Türkiye küresel barışa hizmet ediyor Başbakan Erdoğan, konuşmasının başında İstanbul'un, dünyanın 5 kıtasından esintilerinin hissedileceği bir kent olduğu hatırlatmasını yaparak, İstanbul'un, dünya barışı için, birbirini anlama, önyargıların giderilmesi için büyük bir fırsat olduğunu söyledi. Ulusal, bölgesel ve küresel sorunlar arasındaki mesafelerin azalmasının, sorunları iç içe geçirdiğini, küresel sorunların, küresel ölçekli çözümleri zorunlu kıldığına dikkat çeken Başbakan, "Sorunlardan hiçbiri, altından kalkılamayacak sorunlar değildir. Yeni bir anlayışa yeni bir düzene ihtiyacımız var. Bu küresel düzen, herkesi kucaklayan, adil, paylaşımcı, farklılıkları zenginlik olarak gören bir düzen olmak zorundadır." Dedi. Türkiye'nin siyasi, ekonomik, kültürel ve hukuk noktasında bölgesel ve küresel barış için son dönemde katkılarını arttırdığını dile getiren Erdoğan, "Türkiye, adil, paylaşımcı ve herkesi kucaklayan siyaset anlayışını kendi bölgesinde başarıyla uyguluyor. Komşularla sıfır problem politikası olarak ifade ettiğimiz bu yaklaşım sayesinde bütün komşularıyla sorunlarını çözüm yoluna koymuş, ilişkilerini son derece iyi bir noktaya getirmiştir. Bölgemizdeki sorunlar aynı zamanda küresel sonuçları olan ve herkesi ilgilendiren sorunlardır. Bölgede izlediğimiz yapıcı ve barışçı politika sadece bölgesel değil aynı zamanda küresel barışa hizmet ediyor." Dedi. Bölgenin istikrarını etkileyen sorunlarla ilelebet yaşamak istemediklerini belirten Erdoğan, "Çatışmaların değil barışın, korkunun değil güvenin, terör ve şiddetin değil huzurun, açlığın değil refahın hakim olacağı bir Orta Doğu inşa etmeyi hedefliyoruz." dedi.

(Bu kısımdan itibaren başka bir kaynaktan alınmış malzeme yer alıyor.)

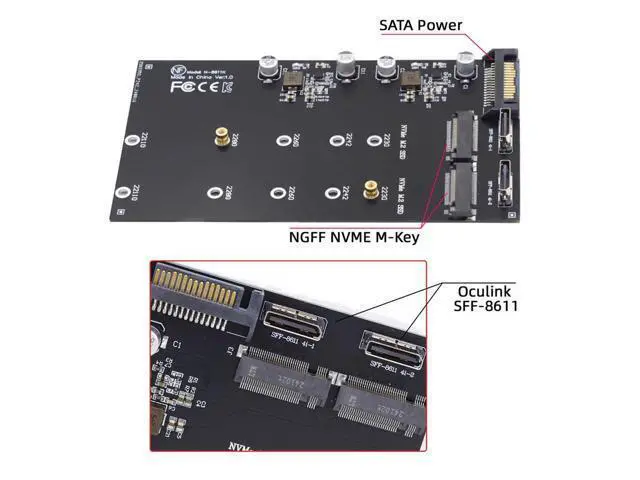 Alt view image 2 of 7 - M.2 to Oculink Adapter,PCIe NVME/AHCI SSD 2 to 2 SFF-8611/8612 Adapter Support 2230/2242/2280/22110mm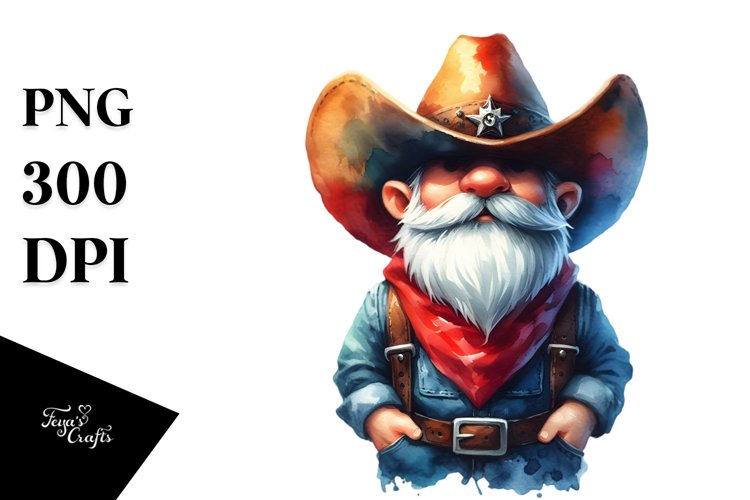 A Vibrant Cowboy Gnome PNG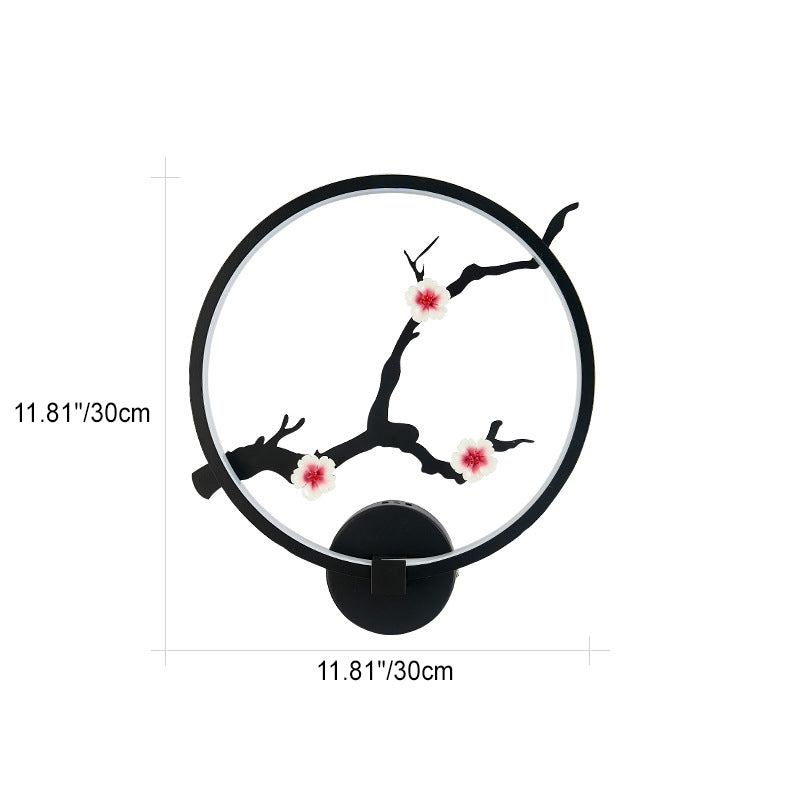 Traditionelle chinesische Elster Lotusblatt Acryl Runde LED Wandleuchte Lampe für Schlafzimmer 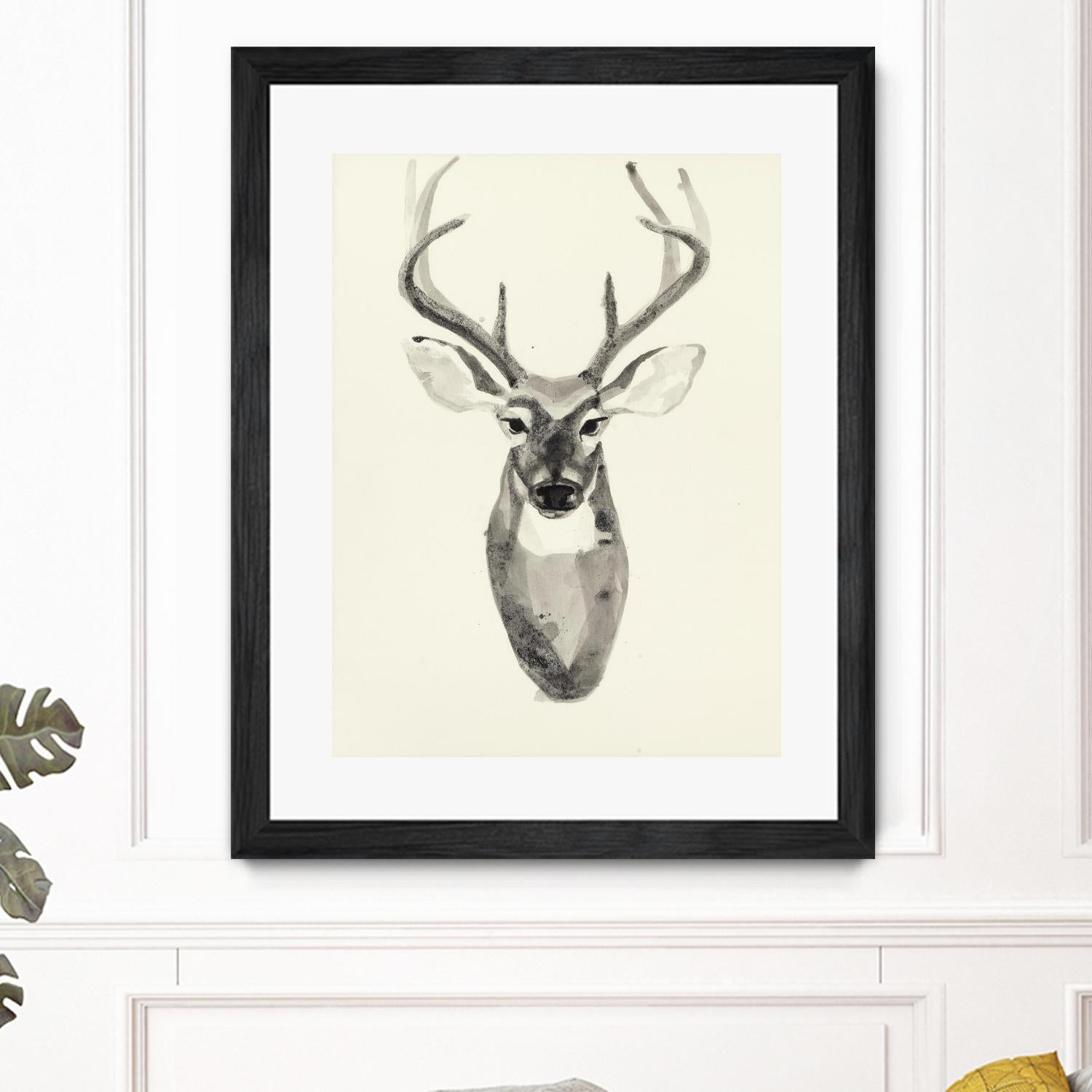 Watercolor Deerhead 2 by Gordon, Ben Gordon on GIANT ART - white black & white deer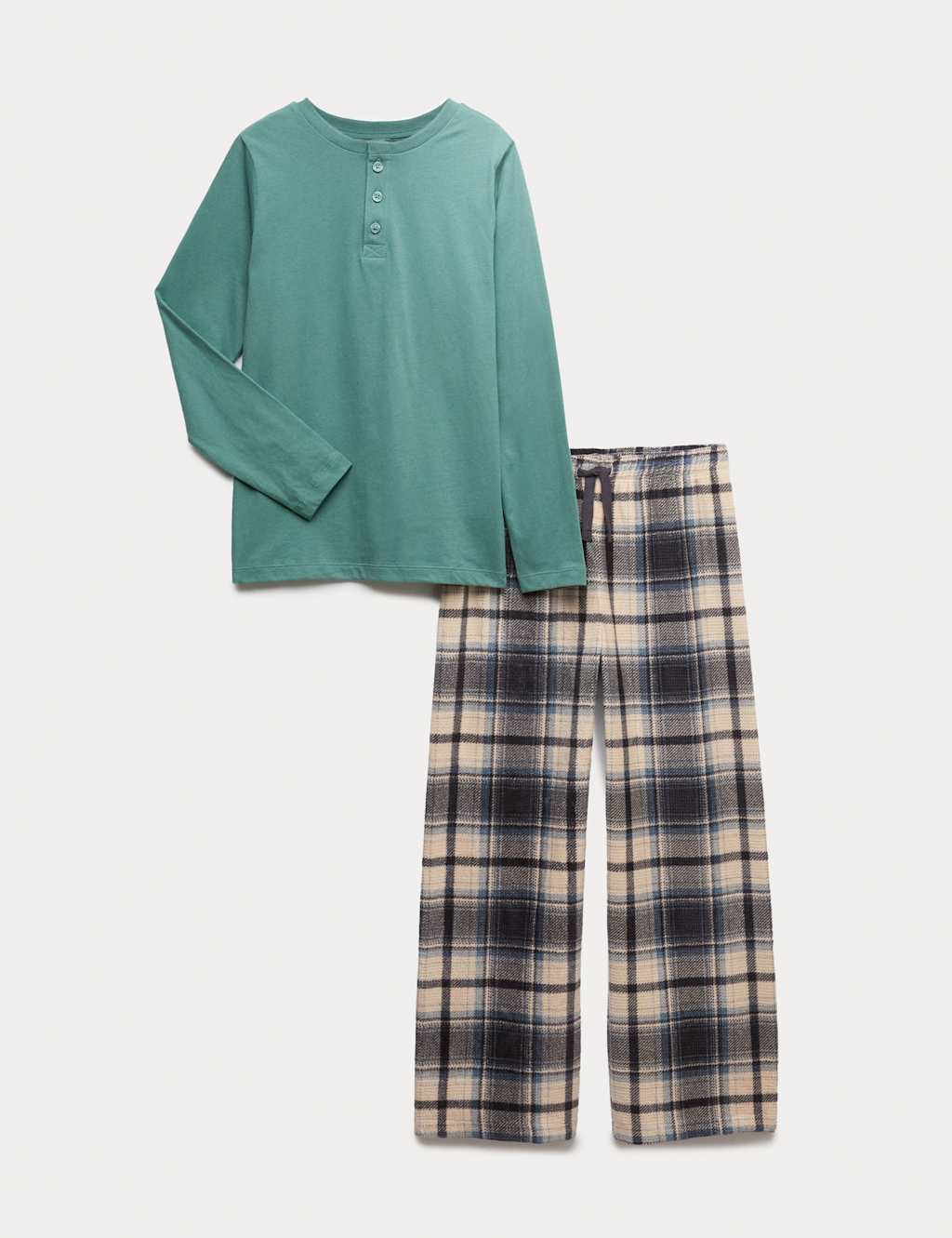 M&S Cotton Rich Fleece Checked Pyjamas (3-14 Yrs) Green Mix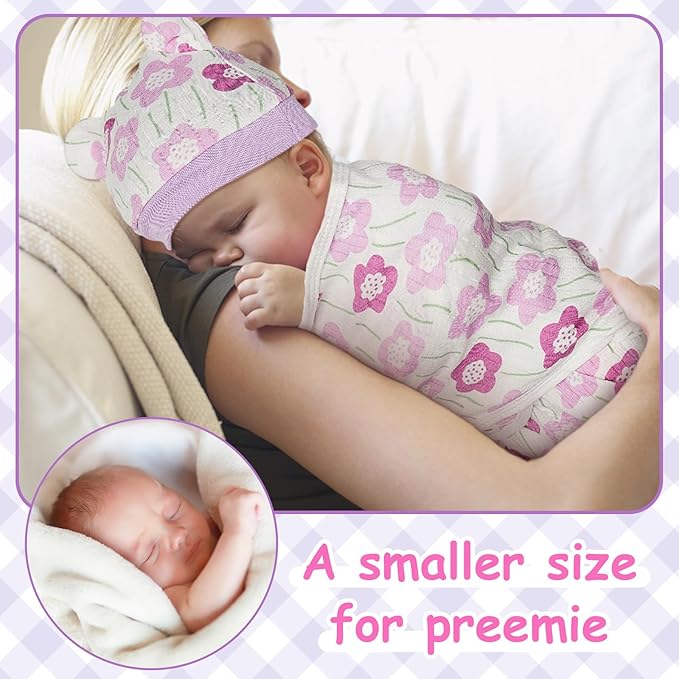 Ramede 6 Pack Preemie Swaddle Blanket with Hats Sleep Swaddle for Baby Boy Girl Preemie Newborn Sacks Soft Cotton Wearable(Flower,Pink and Green)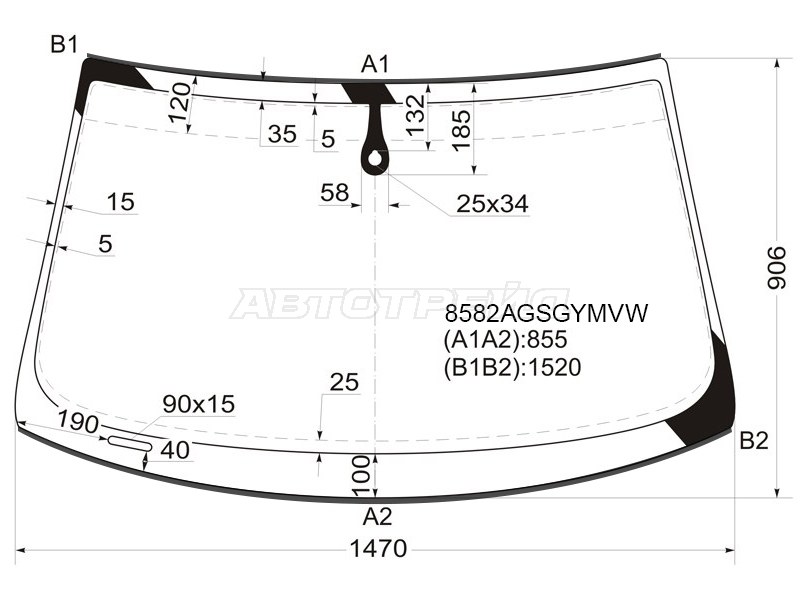 Стекло лобовое (Датчик дождя / Молдинг) Audi A6 04-10  / A6 allroad quattro 06-12  / S6 06-11 (FUYAO: 8582AGSGYMVW)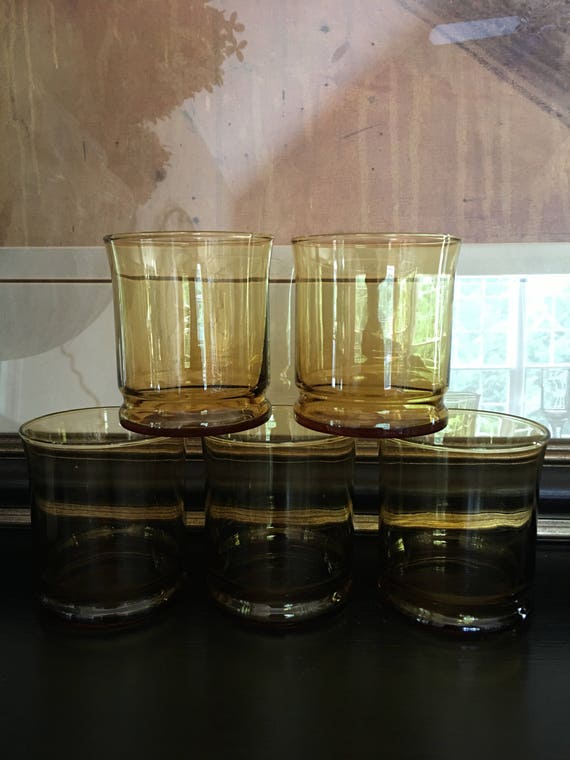 Amber Drinking Glasses, Amber Glassware Set, Libbey 8 Oz Glasses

Türkiye’nin ekonomik etkisi, gayri safi milli hâsılasının çok ötesinde Türkiye'nin ekonomik etki alanının, gayri safi milli hâsılasının çok ötesinde potansiyele sahip olduğunu da vurgulayan Erdoğan, Türkiye'nin, Balkanlardan, Orta Doğu'ya, Kafkaslara, Orta Asya'ya ulaşan ekonomi havzası ile dünya ekonomisinde önemli yerde durduğunu ve önemli ekonomik aktörlerinden biri haline getirdiğini söyledi.

Orta Doğu’da barış dış müdahalelerle tesis edilemez Başbakan Erdoğan, Türkiye’nin Orta Doğu’da demokratik, laik, sosyal bir hukuk devleti olarak, bunu hazmetmiş bir ülke olarak bu havzada yapacağı çok şeyler olduğunu söyledi. Türkiye’nin AB’ye yük olacağını iddia edenlerin aksine Türkiye’nin bölgeye yapacağı katkıların göz ardı edildiğini belirten Başbakan Erdoğan: “Türkiye AB'ye yük olmaya değil, AB'den yük almaya aday güçlü ülkelerden biridir. Son yıllarda bu alanda büyük bir dinamizm yaşandığını da görmek zorundayız. Kalkınma fırsatı elinde olan ülkeler silsilesi burası. Ama önü kesilen ülkelerde Orta Doğu. Kendi haline bırakılsa bile sıçrama yapabilecek bir bölgeyi yok farz edemeyiz. Bu bölgenin genç nüfusu, kültür mozaiği, Orta Doğu insanlık tarihine çok önemli katkılar yapılmıştır. Bunlar yok sayıldığı gibi yok edilmeye çalışılıyor. İnsanlığın ilerleyişine adeta yön vermiştir. Tarım burada, sanat, bilim teknolojinin temelleri burada atılmıştır. Orta Doğu 3 semavi dininde beşiğidir. Biz bu bölgenin yeniden bir kültür bilim sanat barış ve huzur havzası haline gelmesini arzuluyoruz” dedi.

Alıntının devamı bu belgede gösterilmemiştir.